EXERCISE AIM:
Repeat exactly the lines of the records below, starting at the line containing "Emma Webschatz Multicolor" and ending at the line containing "koc we koy - Farap - img 2". Leave the pictures out.

INPUT DATA:
....................

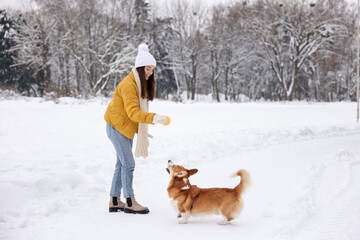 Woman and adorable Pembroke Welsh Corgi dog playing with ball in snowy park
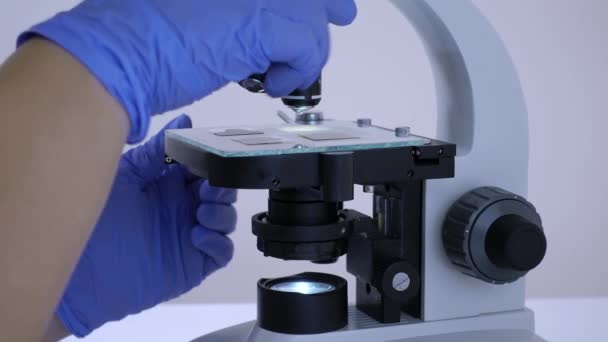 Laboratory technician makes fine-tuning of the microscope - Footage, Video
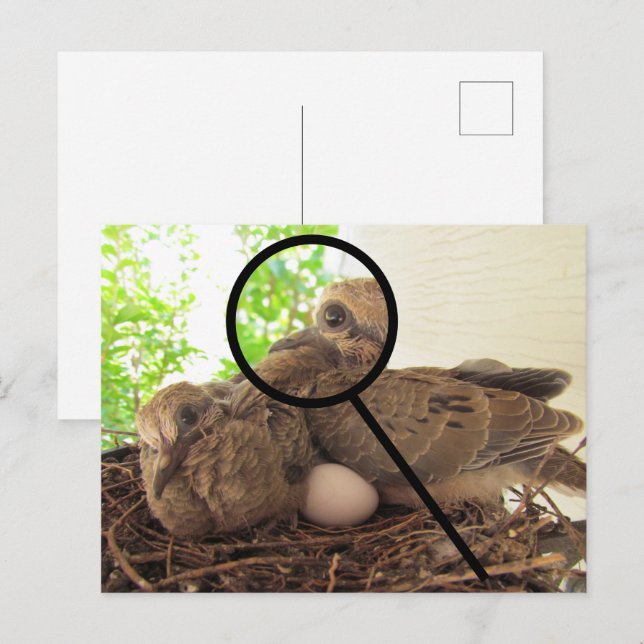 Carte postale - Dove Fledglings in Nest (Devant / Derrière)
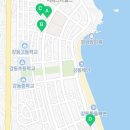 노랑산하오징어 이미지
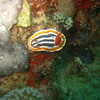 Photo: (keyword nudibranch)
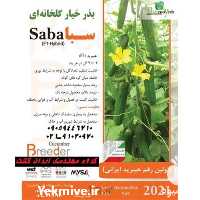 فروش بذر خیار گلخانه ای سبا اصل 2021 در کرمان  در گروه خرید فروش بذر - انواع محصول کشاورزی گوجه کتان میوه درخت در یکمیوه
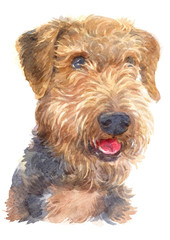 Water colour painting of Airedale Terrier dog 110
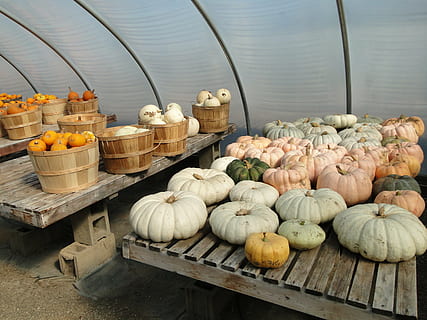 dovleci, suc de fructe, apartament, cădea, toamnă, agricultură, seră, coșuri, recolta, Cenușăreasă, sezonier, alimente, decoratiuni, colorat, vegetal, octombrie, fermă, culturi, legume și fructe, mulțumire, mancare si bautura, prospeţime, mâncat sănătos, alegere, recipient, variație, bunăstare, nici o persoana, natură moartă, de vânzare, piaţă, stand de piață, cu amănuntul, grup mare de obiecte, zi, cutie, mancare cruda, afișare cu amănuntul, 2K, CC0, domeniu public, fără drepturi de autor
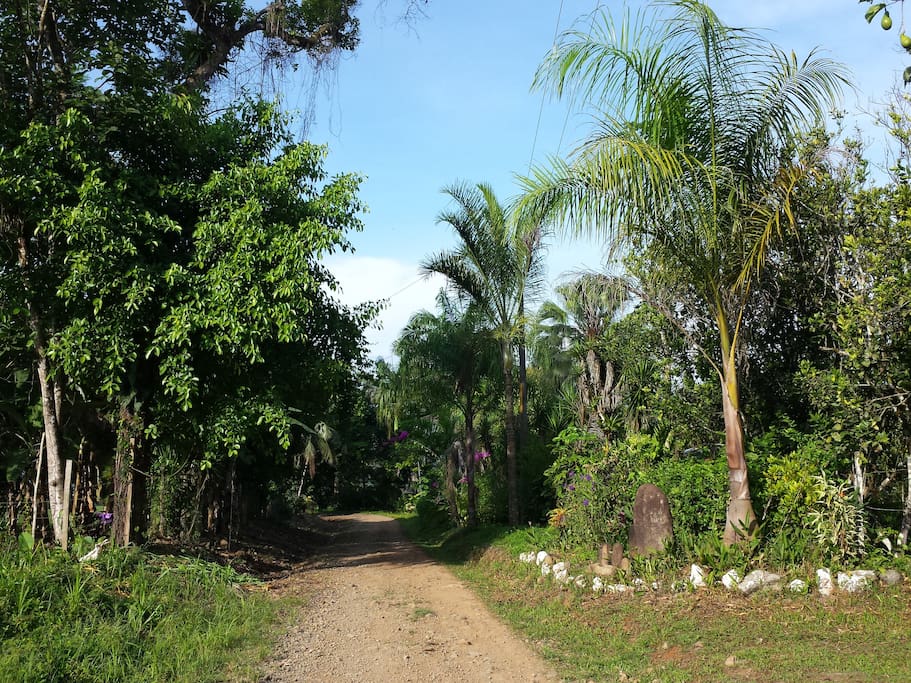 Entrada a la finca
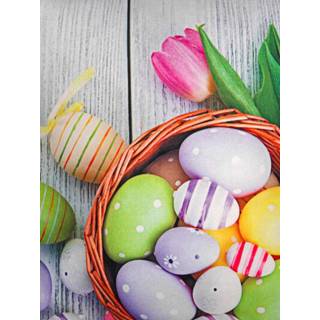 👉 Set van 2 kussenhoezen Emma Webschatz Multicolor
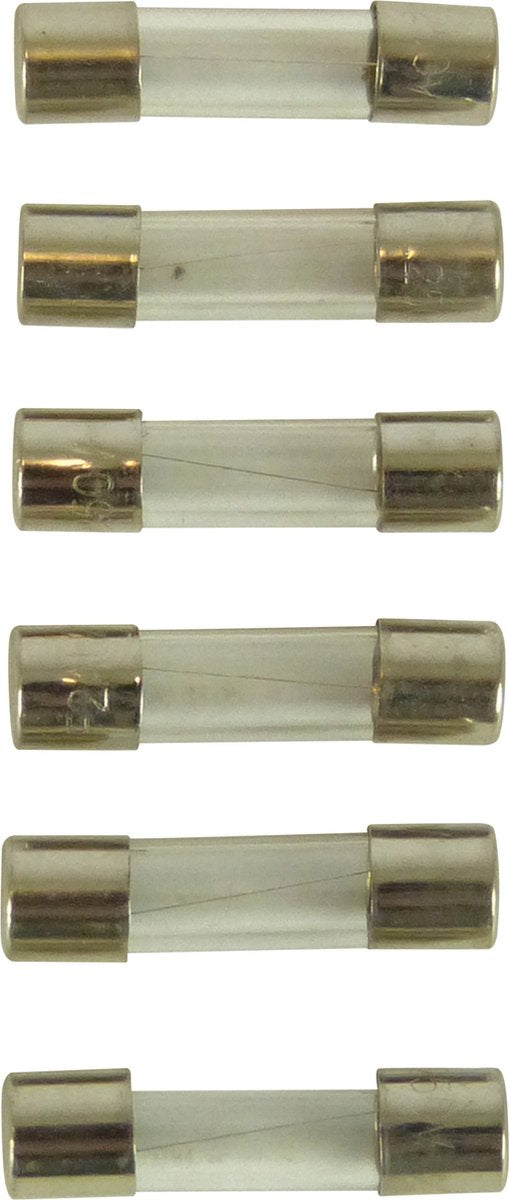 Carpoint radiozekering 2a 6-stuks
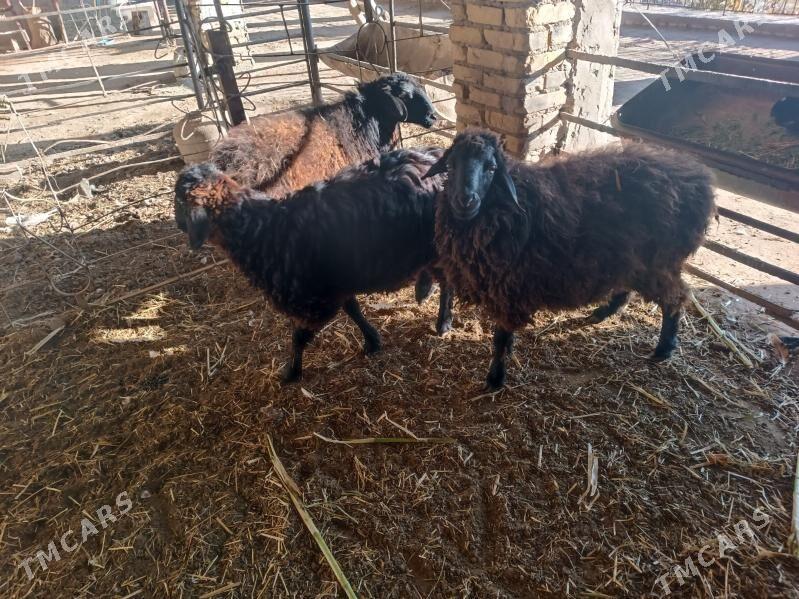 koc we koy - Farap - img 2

....................

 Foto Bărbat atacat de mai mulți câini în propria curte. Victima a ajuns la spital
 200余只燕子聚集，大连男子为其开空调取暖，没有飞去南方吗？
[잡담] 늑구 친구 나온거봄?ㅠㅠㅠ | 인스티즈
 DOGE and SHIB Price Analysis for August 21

....................

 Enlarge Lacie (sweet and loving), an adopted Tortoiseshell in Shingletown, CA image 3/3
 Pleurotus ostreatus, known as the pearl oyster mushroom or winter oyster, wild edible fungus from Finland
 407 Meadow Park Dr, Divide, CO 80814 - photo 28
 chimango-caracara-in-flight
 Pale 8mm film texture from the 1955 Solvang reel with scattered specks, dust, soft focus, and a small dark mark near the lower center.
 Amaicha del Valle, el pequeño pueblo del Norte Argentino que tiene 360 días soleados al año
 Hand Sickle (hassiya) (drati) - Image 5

....................

OUTPUT FOR THIS TASK:
 👉 Set van 2 kussenhoezen Emma Webschatz Multicolor
 Carpoint radiozekering 2a 6-stuks
 koc we koy - Farap - img 2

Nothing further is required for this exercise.